_Instructions to follow_
Restate, exactly as written, the entries below from the line that holds "a man and a" through the line that holds "a house with". Pictures are not part of the copy.

_Data records_

────

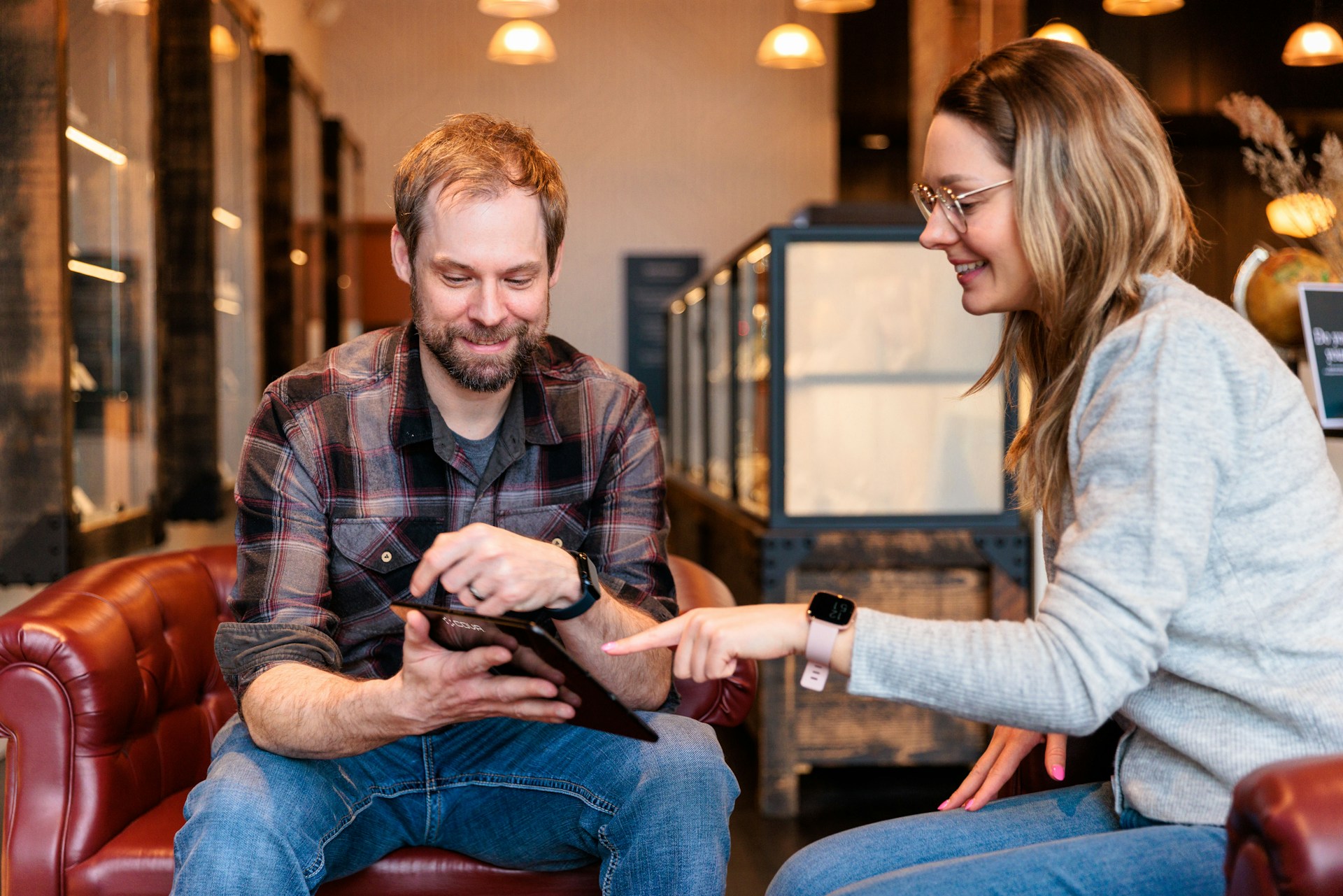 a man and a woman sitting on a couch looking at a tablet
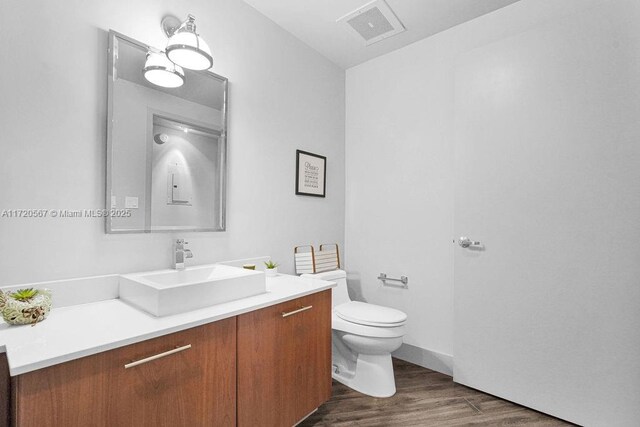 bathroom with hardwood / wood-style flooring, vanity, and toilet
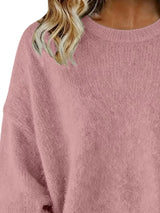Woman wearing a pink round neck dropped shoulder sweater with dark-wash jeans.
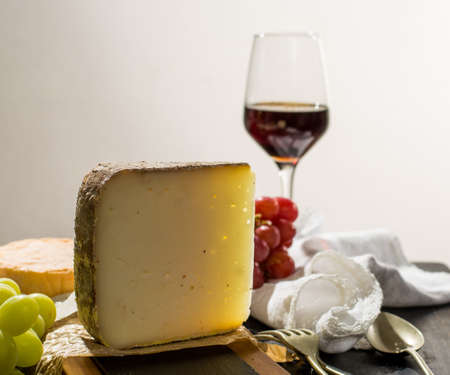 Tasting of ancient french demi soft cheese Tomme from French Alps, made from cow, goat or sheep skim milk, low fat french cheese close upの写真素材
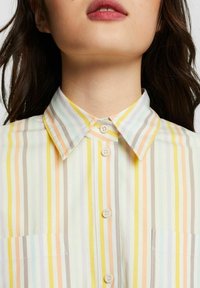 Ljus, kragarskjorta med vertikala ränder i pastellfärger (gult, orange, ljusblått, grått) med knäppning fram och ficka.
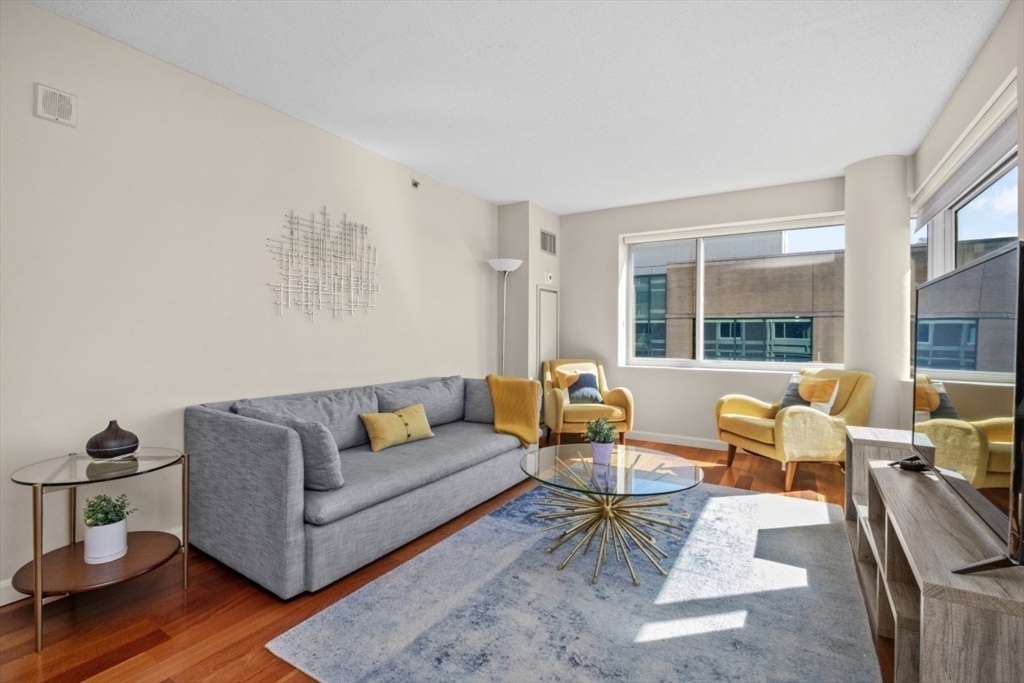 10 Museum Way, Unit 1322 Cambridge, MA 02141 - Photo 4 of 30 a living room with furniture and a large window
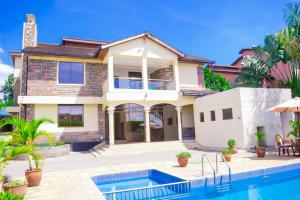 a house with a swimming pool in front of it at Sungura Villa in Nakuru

────

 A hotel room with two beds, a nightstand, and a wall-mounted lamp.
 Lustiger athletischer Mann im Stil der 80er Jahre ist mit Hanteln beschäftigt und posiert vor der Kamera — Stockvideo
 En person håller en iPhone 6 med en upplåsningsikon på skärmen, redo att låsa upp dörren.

────

_Answer section_
 a man and a woman sitting on a couch looking at a tablet
 bathroom with hardwood / wood-style flooring, vanity, and toilet
Woman wearing a pink round neck dropped shoulder sweater with dark-wash jeans.
 Tasting of ancient french demi soft cheese Tomme from French Alps, made from cow, goat or sheep skim milk, low fat french cheese close upの写真素材
 Ljus, kragarskjorta med vertikala ränder i pastellfärger (gult, orange, ljusblått, grått) med knäppning fram och ficka.
 10 Museum Way, Unit 1322 Cambridge, MA 02141 - Photo 4 of 30 a living room with furniture and a large window
 a house with a swimming pool in front of it at Sungura Villa in Nakuru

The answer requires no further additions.